* Exercise instructions *
Word for word, copy the listing below and leave out its images.

* Data extract *
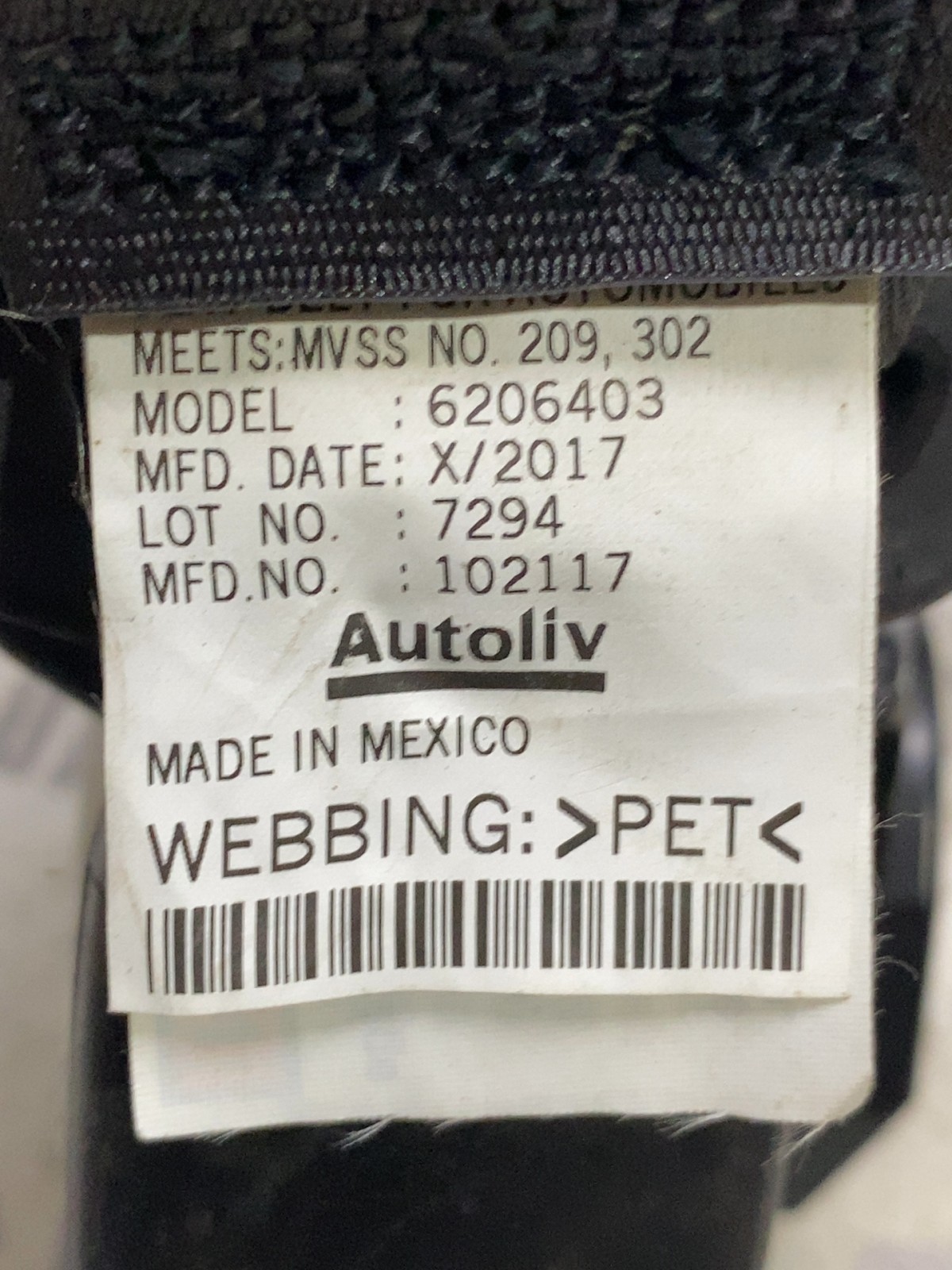 Ремінь безпеки Acura RDX 2 (12-18) 6206403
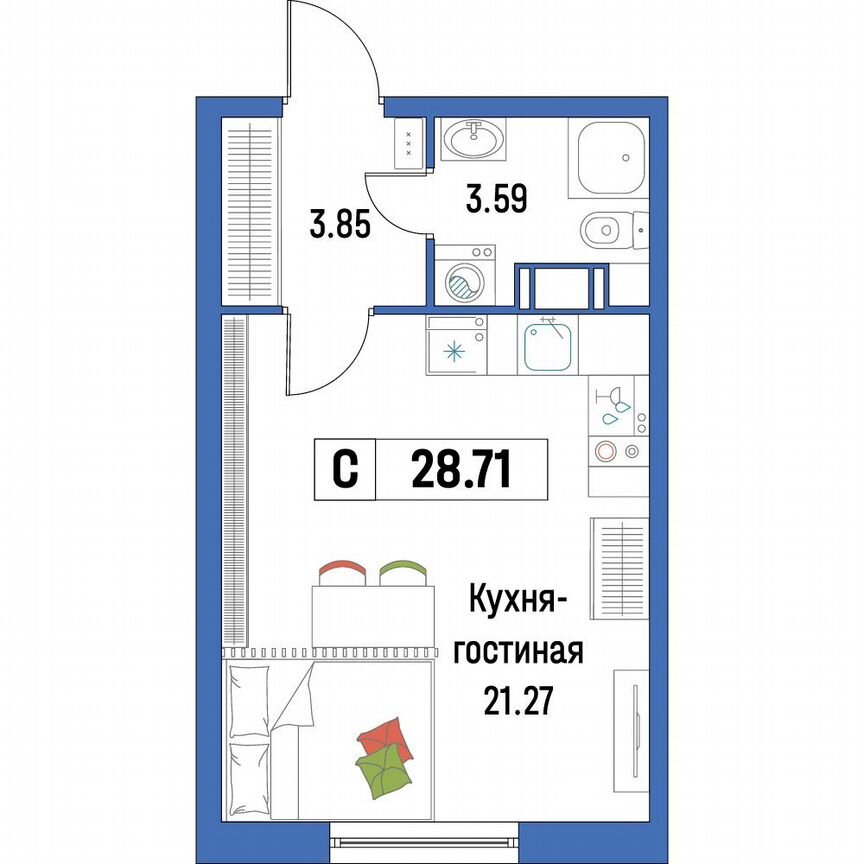 Квартира-студия, 28,7 м², 4/16 эт.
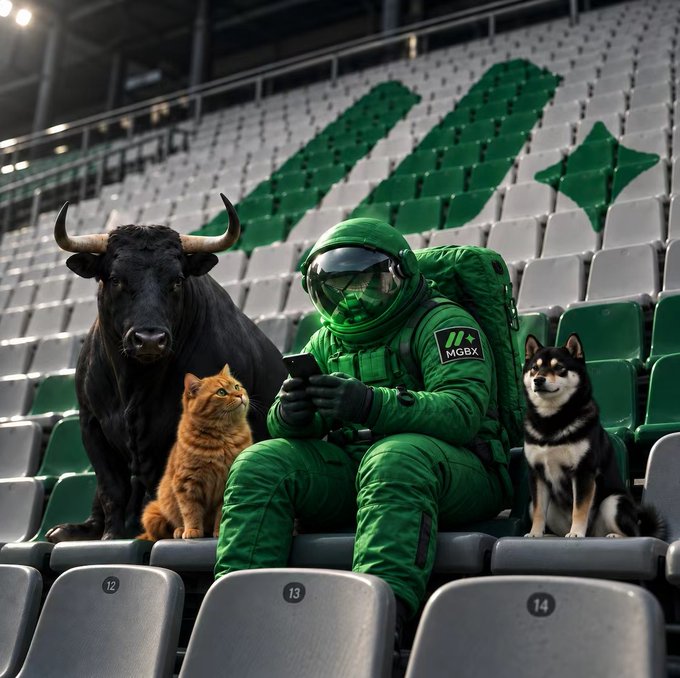 A surreal scene of a person in green military gear with 'MGBX' on their vest sitting in stadium seats, accompanied by a black bull, an orange cat, and a husky dog, with green arrows visible on the stadium wall.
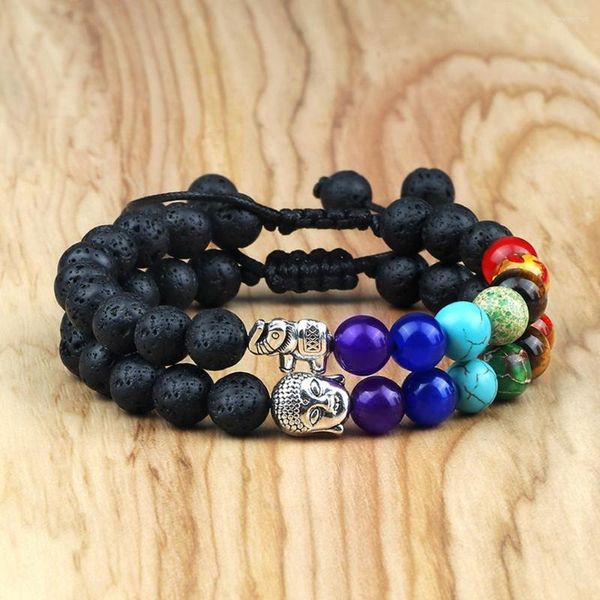 Strand Trendy 7 Chakra Bracciale in pietra naturale per donna Uomo Perline rotonde Buddha Healing Balance Therapy Yoga Jewelry Preghiera regolabile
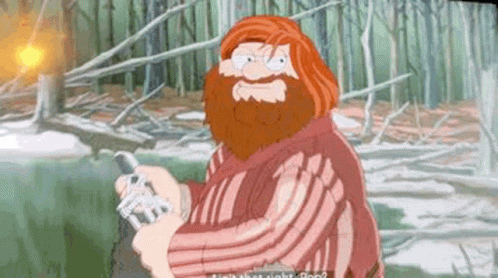 A Cartoon Of A Man With A Beard And Red Hair Holding A Gun In A Forest . GIF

* Result for this exercise *
 Ремінь безпеки Acura RDX 2 (12-18) 6206403
 Квартира-студия, 28,7 м², 4/16 эт.
 A surreal scene of a person in green military gear with 'MGBX' on their vest sitting in stadium seats, accompanied by a black bull, an orange cat, and a husky dog, with green arrows visible on the stadium wall.
 Strand Trendy 7 Chakra Bracciale in pietra naturale per donna Uomo Perline rotonde Buddha Healing Balance Therapy Yoga Jewelry Preghiera regolabile
 A Cartoon Of A Man With A Beard And Red Hair Holding A Gun In A Forest . GIF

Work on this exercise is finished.